Oblivious DNS over HTTPS
With standard DNS over HTTPS (DoH), your DNS queries are encrypted, but the resolver still sees both your IP address and the domain you are looking up. Oblivious DNS over HTTPS (ODoH) adds a privacy layer so that no single entity can see both pieces of information at the same time.
ODoH introduces two roles between your device and the DNS resolver:
- Proxy — Forwards your encrypted DNS query to the target. The proxy can see your IP address but cannot read the query because it is encrypted.
- Target — Receives and decrypts the DNS query, then sends it to the upstream resolver.
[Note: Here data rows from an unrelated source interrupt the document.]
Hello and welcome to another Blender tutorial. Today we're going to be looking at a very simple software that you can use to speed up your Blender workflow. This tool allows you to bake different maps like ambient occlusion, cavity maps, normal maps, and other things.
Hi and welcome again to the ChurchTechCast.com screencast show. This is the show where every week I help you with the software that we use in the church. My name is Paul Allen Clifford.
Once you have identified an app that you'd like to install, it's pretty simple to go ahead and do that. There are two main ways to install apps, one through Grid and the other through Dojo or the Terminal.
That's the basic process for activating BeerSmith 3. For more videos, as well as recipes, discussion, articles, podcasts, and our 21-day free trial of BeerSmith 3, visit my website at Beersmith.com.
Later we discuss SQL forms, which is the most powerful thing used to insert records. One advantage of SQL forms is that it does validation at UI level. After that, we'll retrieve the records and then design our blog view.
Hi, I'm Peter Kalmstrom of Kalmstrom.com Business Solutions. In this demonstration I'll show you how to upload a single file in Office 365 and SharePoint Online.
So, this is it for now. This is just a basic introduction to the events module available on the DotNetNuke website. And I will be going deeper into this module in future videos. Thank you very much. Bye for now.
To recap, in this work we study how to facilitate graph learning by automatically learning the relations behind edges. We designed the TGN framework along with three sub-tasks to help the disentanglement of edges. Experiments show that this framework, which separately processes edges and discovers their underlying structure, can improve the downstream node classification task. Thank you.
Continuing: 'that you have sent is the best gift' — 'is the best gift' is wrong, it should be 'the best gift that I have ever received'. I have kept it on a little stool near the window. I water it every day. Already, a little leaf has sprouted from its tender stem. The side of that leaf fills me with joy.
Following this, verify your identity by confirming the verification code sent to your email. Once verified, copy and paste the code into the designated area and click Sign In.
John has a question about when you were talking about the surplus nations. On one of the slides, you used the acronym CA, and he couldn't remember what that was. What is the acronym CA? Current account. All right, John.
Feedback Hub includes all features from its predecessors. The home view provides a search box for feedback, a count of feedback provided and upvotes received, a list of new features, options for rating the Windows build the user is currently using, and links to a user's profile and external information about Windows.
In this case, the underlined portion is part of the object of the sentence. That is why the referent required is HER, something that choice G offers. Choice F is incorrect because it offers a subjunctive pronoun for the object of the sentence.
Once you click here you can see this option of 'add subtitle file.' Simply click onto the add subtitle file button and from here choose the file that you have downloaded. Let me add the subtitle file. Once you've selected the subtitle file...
The target can read the query but only sees the proxy's IP address, not yours.
Because the query is encrypted before it reaches the proxy, and the target never learns your IP address:
- The proxy has no visibility into the DNS messages, with no ability to identify, read, or modify either the query being sent by the client or the answer being returned by the target.
- The target only has access to the encrypted query and the proxy's IP address, while not having visibility over the client's IP address.
- Only the intended target can read the content of the query and produce a response, which is also encrypted.
This means that, as long as the proxy and the target do not collude, no single entity can have access to both the DNS messages and the client IP address at the same time. Clients are in complete control of proxy and target selection, so you can choose a proxy and target operated by different organizations to reduce collusion risk.
Clients encrypt their query for the target using Hybrid Public Key Encryption (HPKE ↗), a standard for encrypting messages to a recipient using their public key. A target's public key is obtained via DNS, where it is bundled into an HTTPS resource record and protected by DNSSEC.
Cloudflare 1.1.1.1 supports ODoH by acting as a target that can be reached at odoh.cloudflare-dns.com.
To make ODoH queries you can use open source clients such as dnscrypt-proxy ↗.
iCloud Private Relay ↗ uses similar privacy-separation principles and uses Cloudflare as one of their partners ↗.